Data quality, from the perspective of DVs, is characterized by how it is defined, validated, and processed. DVs identify data quality as the main contributor to successful collaborations with life sciences/pharmaceutical research partners. Data quality feedback from clients provides the basis for DVs reviews and inspections of quality processes. DVs value customer interactions, view collaboration, shared common goals, mutual expertise, and communication related to data quality as success factors.
Data quality evaluation practices are important. However, no uniform DVs industry standards for data quality assessment were identified. DVs describe their orientation to data quality evaluation as a direct result of not only the complex nature of data sources, but also of techniques, processes, and approaches used to construct data sets. Because real-world data (RWD), eg, patient data from electronic medical records, is used for real-world evidence (RWE) generation, the use of D/ALD will expand and require refinement. The focus on (and rigor in) data quality assessment (particularly in research necessary to make regulatory decisions) will require more structure, standards, and collaboration between DVs, life sciences/pharmaceutical, informaticists, and RWD/RWE policy-making stakeholders.
深入了解数据供应商公司(DVs),这是生命科学和制药行业临床信息学研究中使用的去标识化/匿名化许可患者相关数据(D/ALD)的重要来源,如何对数据质量评估进行特征描述、开展及与D/ALD的研究购买者进行沟通。
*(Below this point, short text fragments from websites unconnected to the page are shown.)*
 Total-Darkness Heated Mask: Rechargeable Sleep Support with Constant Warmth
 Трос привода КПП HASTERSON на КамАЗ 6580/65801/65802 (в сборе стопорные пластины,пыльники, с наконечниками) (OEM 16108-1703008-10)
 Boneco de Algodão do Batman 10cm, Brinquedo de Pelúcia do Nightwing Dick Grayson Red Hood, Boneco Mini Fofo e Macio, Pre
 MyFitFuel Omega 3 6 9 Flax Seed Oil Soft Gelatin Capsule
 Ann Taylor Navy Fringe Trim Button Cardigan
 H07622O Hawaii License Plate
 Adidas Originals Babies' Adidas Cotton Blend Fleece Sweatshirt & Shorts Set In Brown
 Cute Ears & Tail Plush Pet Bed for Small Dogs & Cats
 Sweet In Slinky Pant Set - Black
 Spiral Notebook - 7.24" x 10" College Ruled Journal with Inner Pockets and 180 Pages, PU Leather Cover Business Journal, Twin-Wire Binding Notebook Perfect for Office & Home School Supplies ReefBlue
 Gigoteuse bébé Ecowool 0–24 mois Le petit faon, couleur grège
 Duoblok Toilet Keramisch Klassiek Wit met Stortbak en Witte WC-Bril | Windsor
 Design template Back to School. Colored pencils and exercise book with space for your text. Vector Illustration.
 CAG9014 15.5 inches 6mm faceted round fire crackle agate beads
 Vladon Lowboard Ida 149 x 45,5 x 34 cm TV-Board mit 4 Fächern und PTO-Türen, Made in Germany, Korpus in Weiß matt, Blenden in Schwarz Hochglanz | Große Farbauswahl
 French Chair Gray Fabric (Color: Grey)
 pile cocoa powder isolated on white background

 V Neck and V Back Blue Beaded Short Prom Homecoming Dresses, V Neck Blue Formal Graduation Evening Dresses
一项定性研究,对DVs数据质量评估方面的高管和决策者进行访谈(n = 12),并对访谈记录进行内容分析。
从DVs的角度来看,数据质量的特征在于其定义、验证和处理方式。DVs将数据质量视为与生命科学/制药研究伙伴成功合作的主要因素。来自客户的数据质量反馈为DVs审查和检查质量流程提供了依据。DVs重视客户互动,将与数据质量相关的合作、共同目标、相互专业知识和沟通视为成功因素。
数据质量评估实践很重要。然而,未发现统一的DVs行业数据质量评估标准。DVs将其对数据质量评估的定位描述为不仅是数据源复杂性质的直接结果,也是构建数据集所使用的技术、流程和方法的直接结果。由于真实世界数据(RWD),例如来自电子病历的患者数据,被用于生成真实世界证据(RWE),D/ALD的使用将会扩大并需要完善。对数据质量评估的关注(以及严谨性)(特别是在做出监管决策所需的研究中)将需要DVs、生命科学/制药公司、信息学家以及RWD/RWE政策制定利益相关者之间更有条理、标准和协作。